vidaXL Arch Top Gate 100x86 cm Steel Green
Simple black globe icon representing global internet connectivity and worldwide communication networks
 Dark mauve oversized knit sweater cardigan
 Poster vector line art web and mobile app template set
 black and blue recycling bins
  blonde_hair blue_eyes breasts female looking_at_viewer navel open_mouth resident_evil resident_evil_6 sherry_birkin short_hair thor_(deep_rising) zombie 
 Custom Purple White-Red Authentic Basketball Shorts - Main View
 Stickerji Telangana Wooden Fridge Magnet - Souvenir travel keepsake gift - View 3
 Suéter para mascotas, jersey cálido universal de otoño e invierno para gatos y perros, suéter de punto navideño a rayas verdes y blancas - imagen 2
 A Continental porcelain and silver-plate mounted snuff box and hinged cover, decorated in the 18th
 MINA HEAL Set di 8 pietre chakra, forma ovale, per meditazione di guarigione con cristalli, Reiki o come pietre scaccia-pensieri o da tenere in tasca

* * * *

Assignment :: Please give back all of the records exactly as written.

Answer to this task ::
vidaXL Arch Top Gate 100x86 cm Steel Green
Simple black globe icon representing global internet connectivity and worldwide communication networks
 Dark mauve oversized knit sweater cardigan
 Poster vector line art web and mobile app template set
 black and blue recycling bins
  blonde_hair blue_eyes breasts female looking_at_viewer navel open_mouth resident_evil resident_evil_6 sherry_birkin short_hair thor_(deep_rising) zombie 
 Custom Purple White-Red Authentic Basketball Shorts - Main View
 Stickerji Telangana Wooden Fridge Magnet - Souvenir travel keepsake gift - View 3
 Suéter para mascotas, jersey cálido universal de otoño e invierno para gatos y perros, suéter de punto navideño a rayas verdes y blancas - imagen 2
 A Continental porcelain and silver-plate mounted snuff box and hinged cover, decorated in the 18th
 MINA HEAL Set di 8 pietre chakra, forma ovale, per meditazione di guarigione con cristalli, Reiki o come pietre scaccia-pensieri o da tenere in tasca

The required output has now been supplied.